Another limitation of our study is the homogenous nature of our fusion cohort, which can limit the discriminatory capacity of the Risk Calculator. A recent study by Sebastian et al assessed the Risk Calculator's prediction for patients undergoing one-level posterior lumbar fusions, and similar to our study, these authors found the Risk Calculator to inadequately capture risk profiles for their patient cohort.[23] However, these authors caution against broad interpretations of the Risk Calculator poor predictive performance in light of homogenous study cohorts. We acknowledge this potential limitation, but highlight the addition of both cervical and lumbar fusion cohorts in our study with further stratification of anterior and posterior fusion groups among each cohort. Regardless, it is the opinion of the authors that surgical risk profile tools should have capabilities to account for variations among patients and provide reproducible and consistent results.

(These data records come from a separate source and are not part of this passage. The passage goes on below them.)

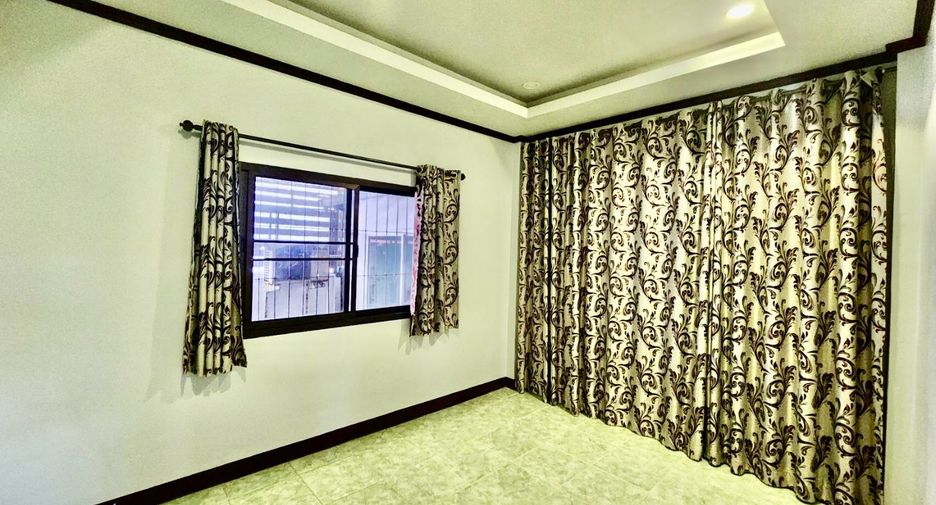出售 3 卧室 独立屋 在 Mueang Chachoengsao, Chachoengsao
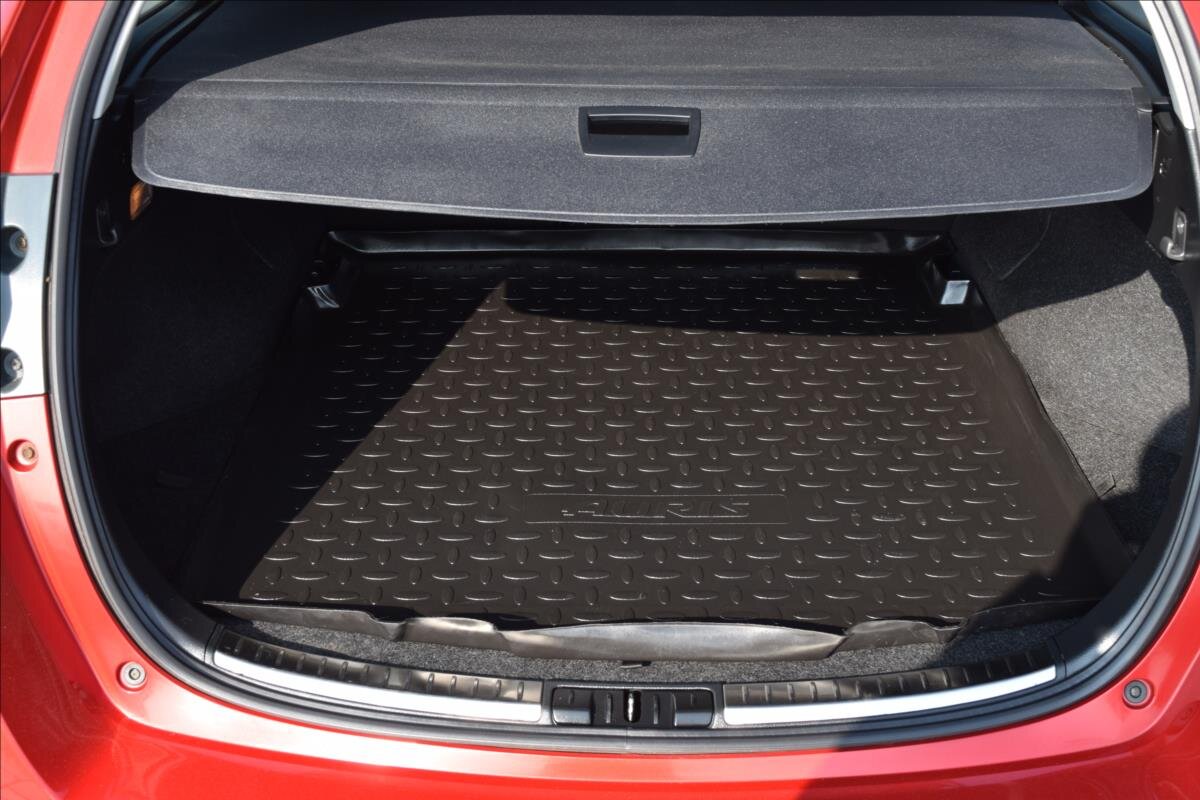 Toyota Auris Kombi 1,2 l 85 kw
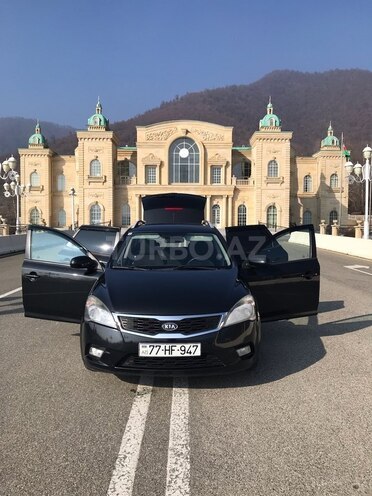 Kia Ceed 2009, 341,000 km - 1.4 л - Qəbələ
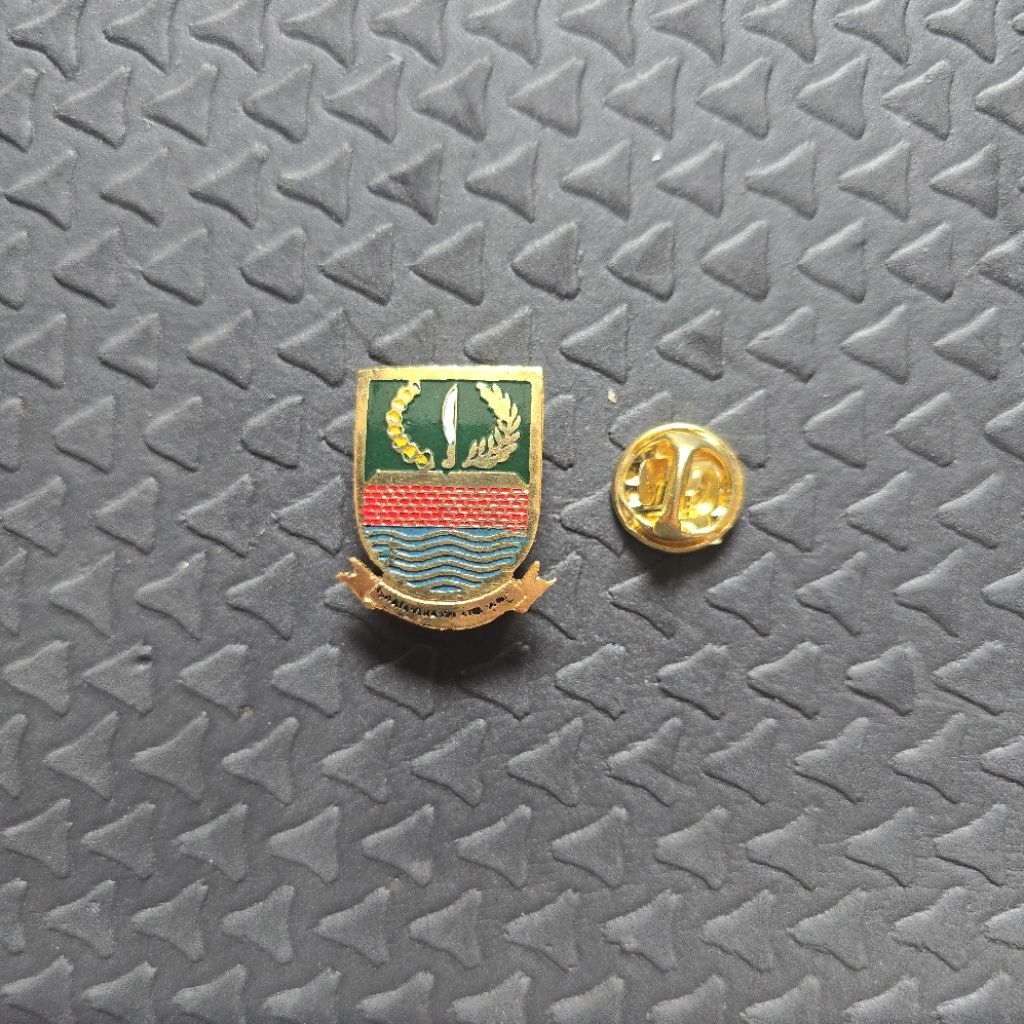 Pin Mut Kabupaten Bekasi / Pin Topi Mut Kabupaten Bekasi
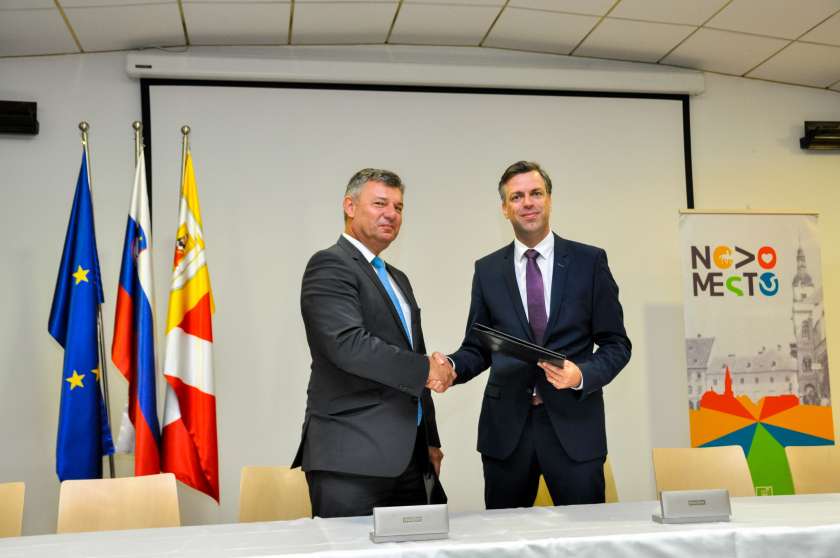 Podpisali sporazum o 2.fazi rekonstrukcije ceste skozi Šmihel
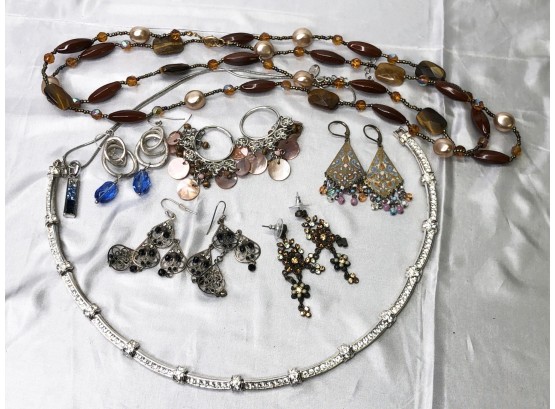 LOT OF COSTUME FASHION JEWELRY- EARRINGS- NECKLACES-NAPIER-B28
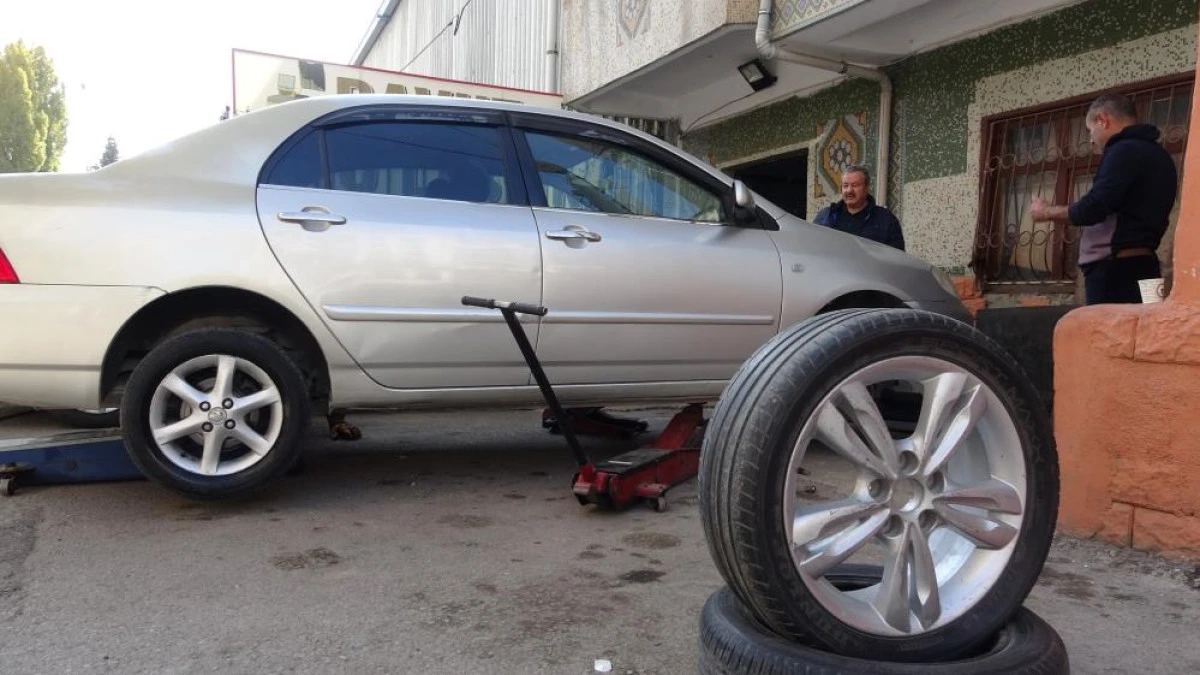 Kış lastiği zorunluluğu öncesi lastikçilerde yoğunluk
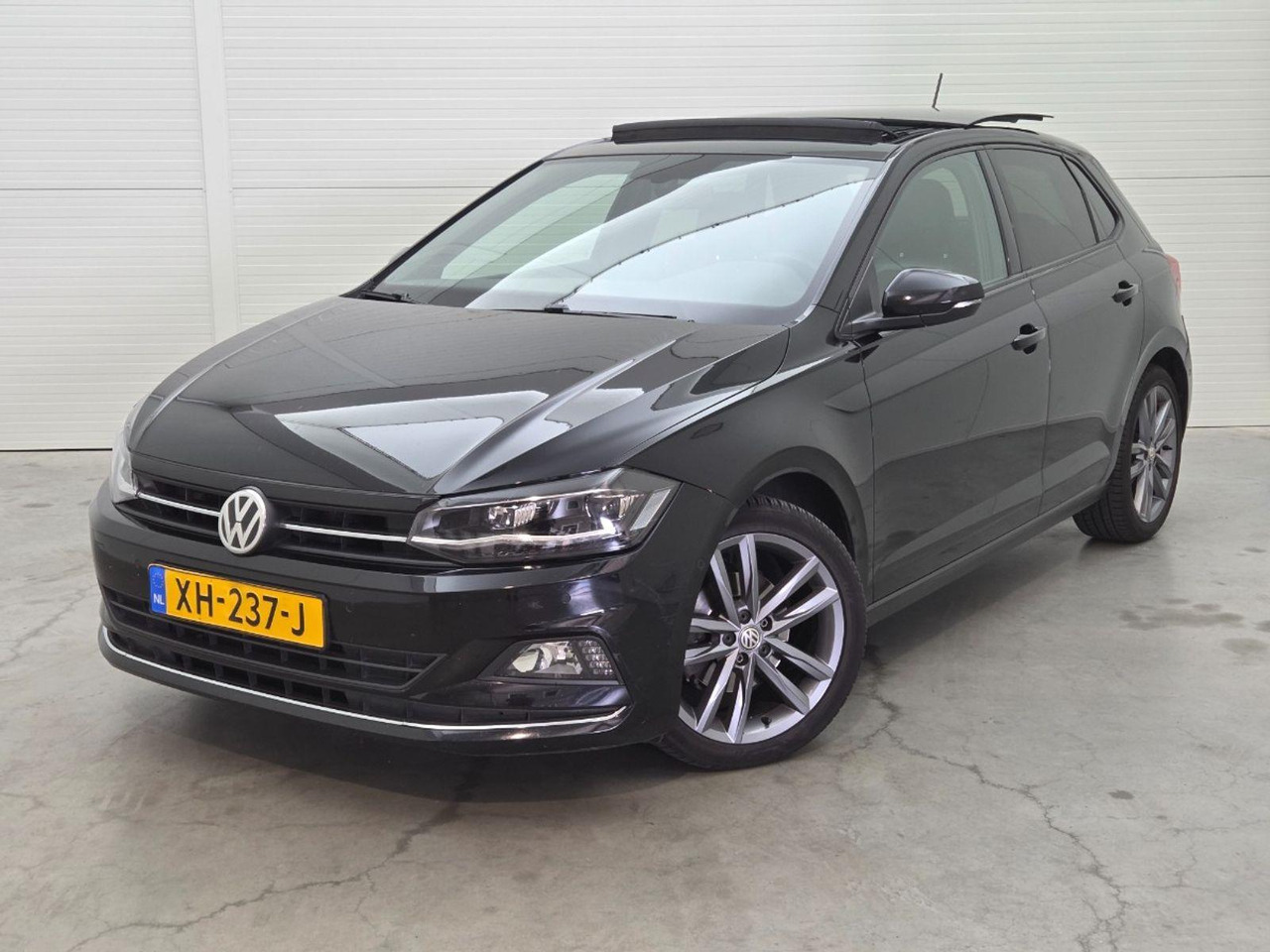 Volkswagen Polo 1.0 TSI Highline | 2019 | 193.826 km | Automaat | XH237J | NAP: Logisch - Hatchback: picture 1 Volkswagen Polo 1.0 TSI Highline | 2019 | 193.826 km | Automaat | XH237J | NAP: Logisch - Hatchback: picture 1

Furthermore, the retrospective nature of this cohort study potentially precludes accurate collection via selection bias. The small sample size used to assess predictive value of the Risk Calculator model for specific complications might not be acceptable or generalizable due to the single-institution population. The results of our high-volume, academic, urban medical center have the potential to significantly differ from other hospital settings. Lastly, institutional policies regarding patient selection could effectively influence risk profiles; therefore, one could conclude the preoperative "patient selection" could limit the number of "at risk" patients leading to a population that is institutionally risk stratified.

Risk calculators are important tools that will have increasing roles within our quality- and metric-driven health care system. The number of risk calculators available to providers continues to expand and as utilization of these tools increase their clinical application must be proven. The ACS Risk Calculator is a validated tool providing robust and significant risk estimates for specific procedures; however, in its current state, it lacks generalizability and is not an accurate risk estimate tool for patients undergoing spine surgery. In our study, the Risk Calculator only predicted complications in the categories of "any complication" (P < 0.0001) and "discharge to skilled nursing facility" (P < 0.001) for our cervical cohort and failed to demonstrate any appreciable prediction for our lumbar cohort. The Risk Calculator is a useful tool in risk mitigation within general surgery but its inaccuracy, lack of granularity and finite application in musculoskeletal procedures limit its application within spine surgery.